Winds of freedom

1/19/2013

A rare recent public protest in China reflects the tensions inherent in the efforts by government officials to achieve economic modernization while maintaining firm Communist Party control.

The large-circulation, relatively liberal newspaper Southern Weekly prepared an editorial for New Year’s Day that urged greater respect for constitutional rights.

Government censors reviewed the editorial, deemed it too critical and rewrote it, adding praise for Communist Party rule.

Some of the newspaper’s writers walked out in protest. Members of the public, including some Chinese celebrity bloggers, rallied to their cause.

Supporters placed bouquets of flowers and banners with pro-freedom inscriptions at the newspaper’s entrance. After days of negotiations, the government backed down and apparently agreed to reduce censorship in the future.

Achieving a rising standard of living through economic modernization is hard for any government. A refusal to accept some degree of freedom of speech compounds that difficulty.

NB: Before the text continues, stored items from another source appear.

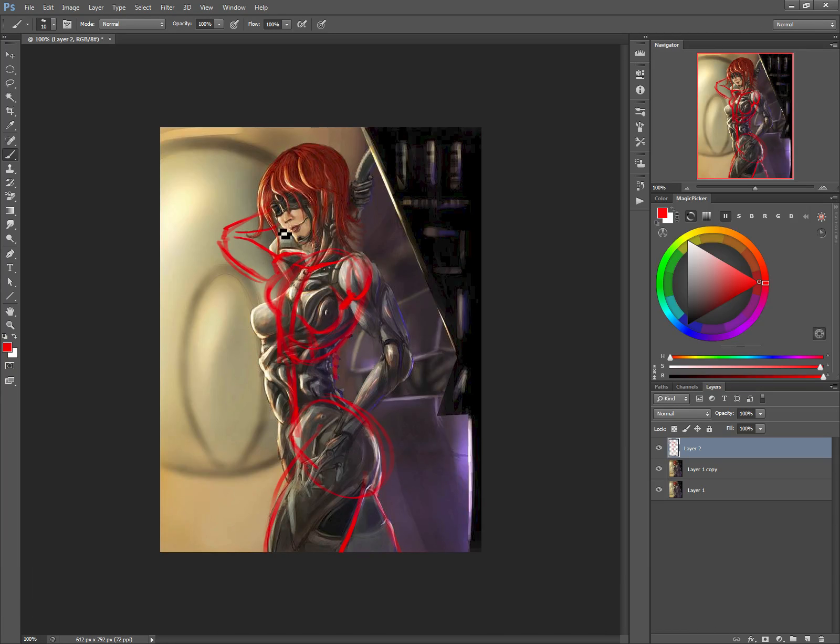I would push this arm out forward so that it becomes much more interesting. Also, the neck is going to go forward a little bit more to be a more natural curve. And then that solves that kind of torsional flip.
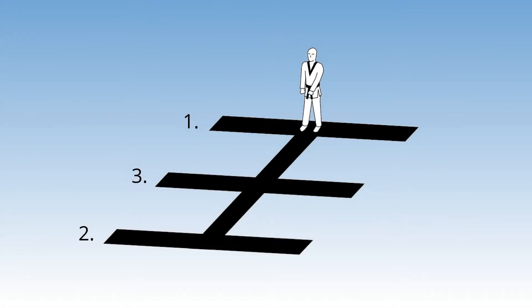Unlike the first three Taeguk Pumse, during Taeguk Sajang we start at the top line labeled number one, and then we transition all the way down to the bottom line which is labeled number two. Only after that do we transition to the middle line which is labeled number three. This is the first Pumse that we do the horizontal lines out of sequence, but it's not the last.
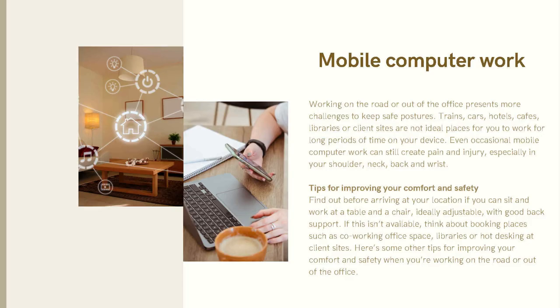Mobile computer work: working on the road or out of the office presents more challenges to keeping safe. Tents, cars, hotels, cafes, libraries, or construction sites are not ideal places to work for long periods of time on your device. Even occasional mobile computer work can still create pain and injury, especially in your shoulders, neck, back, and wrists.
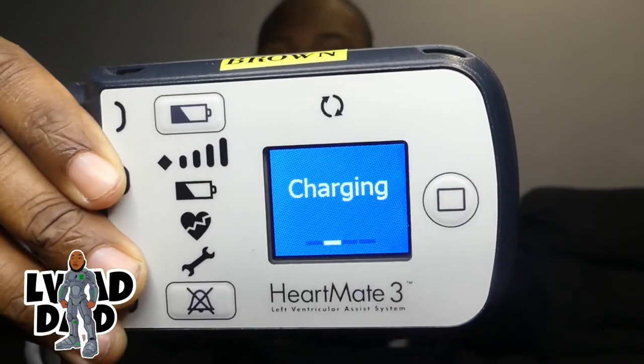You just take one of your batteries — doesn't matter which one — and you take one of your battery clips, you plug that in. Then you can take any cord and just plug it in. It is going to make a noise and you should see it light up. Just plug it in normally — and there we go, charging.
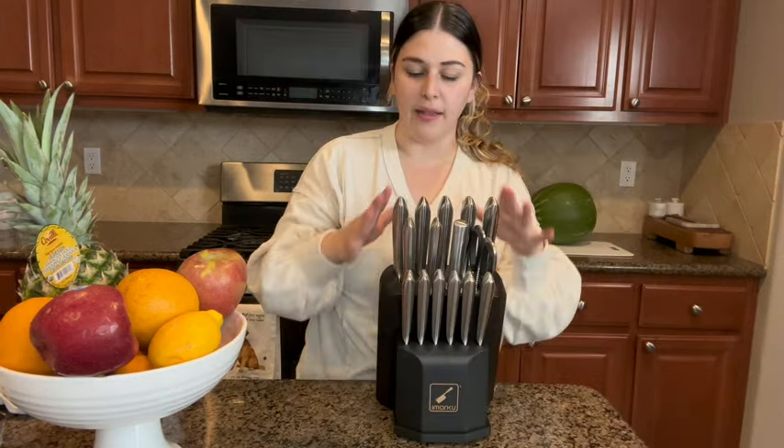I love the black and stainless steel look. We've got lots of different options to use for different things that we want to cut up. So now we're gonna chop up some fruits and vegetables and see how they work.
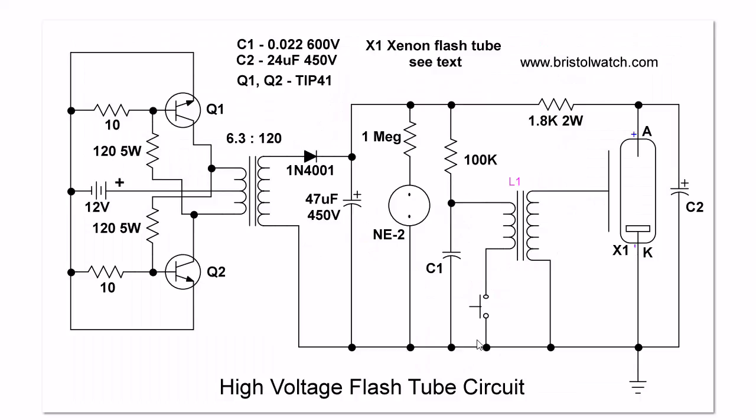Basically, without the SCR unijunction circuit you have this. This is a self-sustaining two-transistor oscillator circuit connected to that 12 volt battery. In the case of that particular board I had a 9 volt center tap transformer, but you can use a 6.3 to 120. Rectified and filtered, this will produce about 330 volts on the anode of the xenon flash tube. And here is the 24 microfarad capacitor across the flash tube.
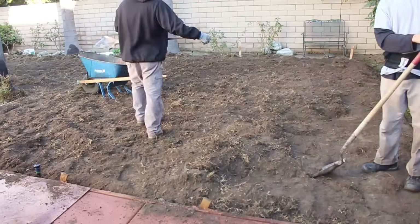Once you get all your sod in, you'll want to water three times a day, five minutes each time, for the first week. Then you can reduce it down slowly — I go from three times a day the first week and reduce it down gradually from there.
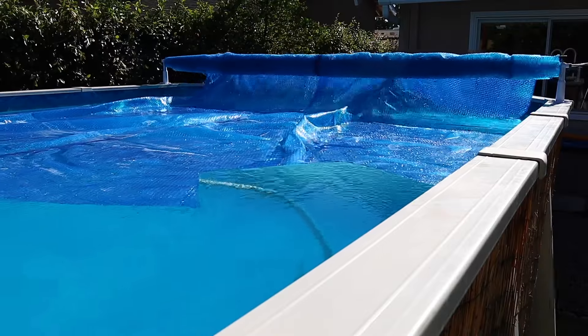Pools and pool covers are awesome. The problem with pool covers is they're a pain to take on and off, and sometimes it's a two-person job. Today I'm going to show you how to install a pool roller that'll make taking it on and off really easy and a one-person job.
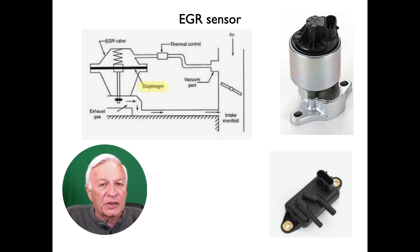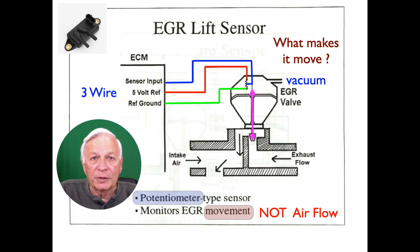An EGR sensor has an internal diaphragm that flexes as gas passes by it. The flexing movement is reported to indicate movement or response. Here's a typical EGR diagram — as usual, it will have a power, ground, and a reference signal.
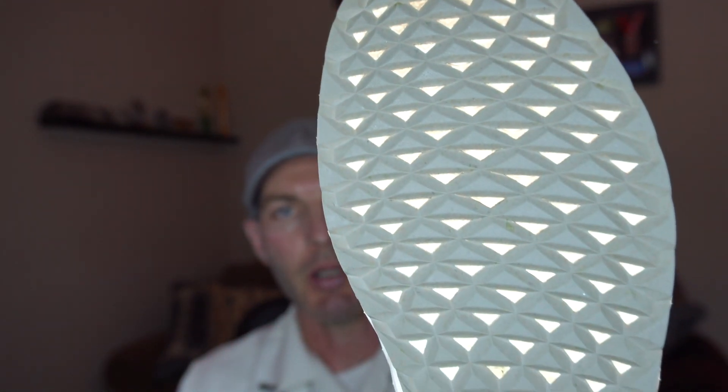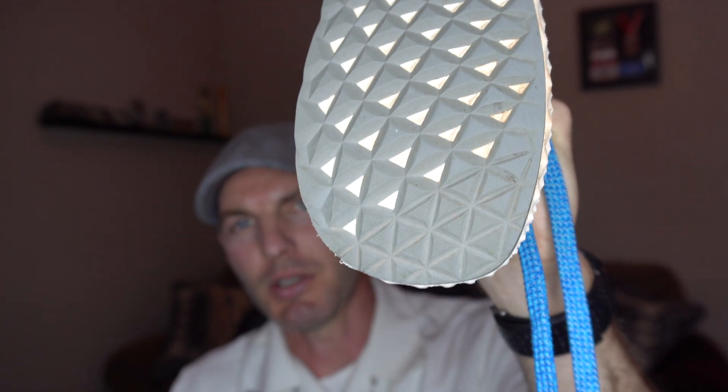They seem to be holding up very well. The tread pattern — I'll let you look at that. I do supinate a little bit and I do not see too much wear pattern on the outer edge of the shoe, maybe just a little bit starting. But with 60 miles in, I've had some shoes where you could already see the tread pattern wearing off.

Beijing tries to keep a lid on free speech and a free press through a range of constraints. They include close government monitoring of, and blocks on, parts of the Internet and social media.

A gulf remains between North China, which includes Beijing and its centralized bureaucracy, and South China, the region in which Southern Weekly circulates, which has been more sophisticated and mercantile in its approach to life.

The fracas could force decisions on China’s new president, Xi Jinping. He is portrayed as more open to modernization and liberalization than his predecessor, Hu Jintao. This episode offers a challenge, and an opportunity, for him to deliver on some new freedoms.

Southern Weekly manifested courage in its desire for freedom of the press. Many Chinese appreciated that stand.